▶ **YOUR GOAL**
Starting at the first line and ending at the last, reproduce the records below exactly.

========

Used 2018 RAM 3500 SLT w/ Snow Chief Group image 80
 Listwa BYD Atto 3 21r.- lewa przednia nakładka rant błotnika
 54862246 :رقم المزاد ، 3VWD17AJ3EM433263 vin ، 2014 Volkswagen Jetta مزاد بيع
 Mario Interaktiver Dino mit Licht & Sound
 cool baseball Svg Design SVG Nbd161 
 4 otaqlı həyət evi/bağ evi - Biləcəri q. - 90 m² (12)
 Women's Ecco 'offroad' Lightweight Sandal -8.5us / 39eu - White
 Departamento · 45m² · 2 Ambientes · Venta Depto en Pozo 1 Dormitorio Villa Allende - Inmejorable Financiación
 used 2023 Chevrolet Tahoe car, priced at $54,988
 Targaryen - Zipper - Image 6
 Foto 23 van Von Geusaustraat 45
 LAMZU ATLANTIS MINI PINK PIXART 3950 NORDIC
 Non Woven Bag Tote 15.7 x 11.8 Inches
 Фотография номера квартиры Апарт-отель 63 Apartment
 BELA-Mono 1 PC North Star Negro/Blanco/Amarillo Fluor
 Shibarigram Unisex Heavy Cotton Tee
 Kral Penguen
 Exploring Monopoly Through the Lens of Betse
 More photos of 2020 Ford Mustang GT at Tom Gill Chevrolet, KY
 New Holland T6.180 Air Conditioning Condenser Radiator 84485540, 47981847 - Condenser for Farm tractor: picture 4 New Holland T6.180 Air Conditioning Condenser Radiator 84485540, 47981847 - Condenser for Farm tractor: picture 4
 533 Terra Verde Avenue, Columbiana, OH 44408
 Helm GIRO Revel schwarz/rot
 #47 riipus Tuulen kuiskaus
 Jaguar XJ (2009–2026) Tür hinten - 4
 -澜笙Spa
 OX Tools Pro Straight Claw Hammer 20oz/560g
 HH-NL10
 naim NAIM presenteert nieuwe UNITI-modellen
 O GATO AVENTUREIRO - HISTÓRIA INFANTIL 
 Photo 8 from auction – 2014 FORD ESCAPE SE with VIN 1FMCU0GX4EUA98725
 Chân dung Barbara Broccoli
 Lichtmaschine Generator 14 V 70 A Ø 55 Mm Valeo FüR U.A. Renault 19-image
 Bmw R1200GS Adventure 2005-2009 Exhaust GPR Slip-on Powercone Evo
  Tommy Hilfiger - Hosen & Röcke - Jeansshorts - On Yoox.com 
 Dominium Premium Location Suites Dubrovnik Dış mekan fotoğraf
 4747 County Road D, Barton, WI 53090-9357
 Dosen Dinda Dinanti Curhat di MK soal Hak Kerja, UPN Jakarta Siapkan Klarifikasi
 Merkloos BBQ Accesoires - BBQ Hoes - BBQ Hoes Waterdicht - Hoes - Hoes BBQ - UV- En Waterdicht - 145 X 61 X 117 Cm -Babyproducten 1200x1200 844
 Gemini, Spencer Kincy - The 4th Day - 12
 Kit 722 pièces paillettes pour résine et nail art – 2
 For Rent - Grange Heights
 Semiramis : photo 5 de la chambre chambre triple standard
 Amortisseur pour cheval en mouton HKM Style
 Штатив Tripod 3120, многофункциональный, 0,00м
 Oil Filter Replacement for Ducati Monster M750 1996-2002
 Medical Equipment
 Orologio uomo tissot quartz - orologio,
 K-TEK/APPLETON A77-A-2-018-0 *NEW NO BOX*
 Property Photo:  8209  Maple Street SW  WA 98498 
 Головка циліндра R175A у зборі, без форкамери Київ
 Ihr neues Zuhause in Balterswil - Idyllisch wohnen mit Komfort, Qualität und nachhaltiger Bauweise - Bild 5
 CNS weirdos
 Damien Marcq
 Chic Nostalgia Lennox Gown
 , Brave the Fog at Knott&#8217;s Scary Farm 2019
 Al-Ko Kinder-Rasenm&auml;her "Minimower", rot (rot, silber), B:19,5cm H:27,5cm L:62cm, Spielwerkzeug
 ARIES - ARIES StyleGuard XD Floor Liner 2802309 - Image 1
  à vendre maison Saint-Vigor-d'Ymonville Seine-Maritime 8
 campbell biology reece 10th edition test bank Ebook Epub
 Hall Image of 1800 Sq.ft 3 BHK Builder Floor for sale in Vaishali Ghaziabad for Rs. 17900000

========

▶ **TASK RESULT**
Used 2018 RAM 3500 SLT w/ Snow Chief Group image 80
 Listwa BYD Atto 3 21r.- lewa przednia nakładka rant błotnika
 54862246 :رقم المزاد ، 3VWD17AJ3EM433263 vin ، 2014 Volkswagen Jetta مزاد بيع
 Mario Interaktiver Dino mit Licht & Sound
 cool baseball Svg Design SVG Nbd161 
 4 otaqlı həyət evi/bağ evi - Biləcəri q. - 90 m² (12)
 Women's Ecco 'offroad' Lightweight Sandal -8.5us / 39eu - White
 Departamento · 45m² · 2 Ambientes · Venta Depto en Pozo 1 Dormitorio Villa Allende - Inmejorable Financiación
 used 2023 Chevrolet Tahoe car, priced at $54,988
 Targaryen - Zipper - Image 6
 Foto 23 van Von Geusaustraat 45
 LAMZU ATLANTIS MINI PINK PIXART 3950 NORDIC
 Non Woven Bag Tote 15.7 x 11.8 Inches
 Фотография номера квартиры Апарт-отель 63 Apartment
 BELA-Mono 1 PC North Star Negro/Blanco/Amarillo Fluor
 Shibarigram Unisex Heavy Cotton Tee
 Kral Penguen
 Exploring Monopoly Through the Lens of Betse
 More photos of 2020 Ford Mustang GT at Tom Gill Chevrolet, KY
 New Holland T6.180 Air Conditioning Condenser Radiator 84485540, 47981847 - Condenser for Farm tractor: picture 4 New Holland T6.180 Air Conditioning Condenser Radiator 84485540, 47981847 - Condenser for Farm tractor: picture 4
 533 Terra Verde Avenue, Columbiana, OH 44408
 Helm GIRO Revel schwarz/rot
 #47 riipus Tuulen kuiskaus
 Jaguar XJ (2009–2026) Tür hinten - 4
 -澜笙Spa
 OX Tools Pro Straight Claw Hammer 20oz/560g
 HH-NL10
 naim NAIM presenteert nieuwe UNITI-modellen
 O GATO AVENTUREIRO - HISTÓRIA INFANTIL 
 Photo 8 from auction – 2014 FORD ESCAPE SE with VIN 1FMCU0GX4EUA98725
 Chân dung Barbara Broccoli
 Lichtmaschine Generator 14 V 70 A Ø 55 Mm Valeo FüR U.A. Renault 19-image
 Bmw R1200GS Adventure 2005-2009 Exhaust GPR Slip-on Powercone Evo
  Tommy Hilfiger - Hosen & Röcke - Jeansshorts - On Yoox.com 
 Dominium Premium Location Suites Dubrovnik Dış mekan fotoğraf
 4747 County Road D, Barton, WI 53090-9357
 Dosen Dinda Dinanti Curhat di MK soal Hak Kerja, UPN Jakarta Siapkan Klarifikasi
 Merkloos BBQ Accesoires - BBQ Hoes - BBQ Hoes Waterdicht - Hoes - Hoes BBQ - UV- En Waterdicht - 145 X 61 X 117 Cm -Babyproducten 1200x1200 844
 Gemini, Spencer Kincy - The 4th Day - 12
 Kit 722 pièces paillettes pour résine et nail art – 2
 For Rent - Grange Heights
 Semiramis : photo 5 de la chambre chambre triple standard
 Amortisseur pour cheval en mouton HKM Style
 Штатив Tripod 3120, многофункциональный, 0,00м
 Oil Filter Replacement for Ducati Monster M750 1996-2002
 Medical Equipment
 Orologio uomo tissot quartz - orologio,
 K-TEK/APPLETON A77-A-2-018-0 *NEW NO BOX*
 Property Photo:  8209  Maple Street SW  WA 98498 
 Головка циліндра R175A у зборі, без форкамери Київ
 Ihr neues Zuhause in Balterswil - Idyllisch wohnen mit Komfort, Qualität und nachhaltiger Bauweise - Bild 5
 CNS weirdos
 Damien Marcq
 Chic Nostalgia Lennox Gown
 , Brave the Fog at Knott&#8217;s Scary Farm 2019
 Al-Ko Kinder-Rasenm&auml;her "Minimower", rot (rot, silber), B:19,5cm H:27,5cm L:62cm, Spielwerkzeug
 ARIES - ARIES StyleGuard XD Floor Liner 2802309 - Image 1
  à vendre maison Saint-Vigor-d'Ymonville Seine-Maritime 8
 campbell biology reece 10th edition test bank Ebook Epub
 Hall Image of 1800 Sq.ft 3 BHK Builder Floor for sale in Vaishali Ghaziabad for Rs. 17900000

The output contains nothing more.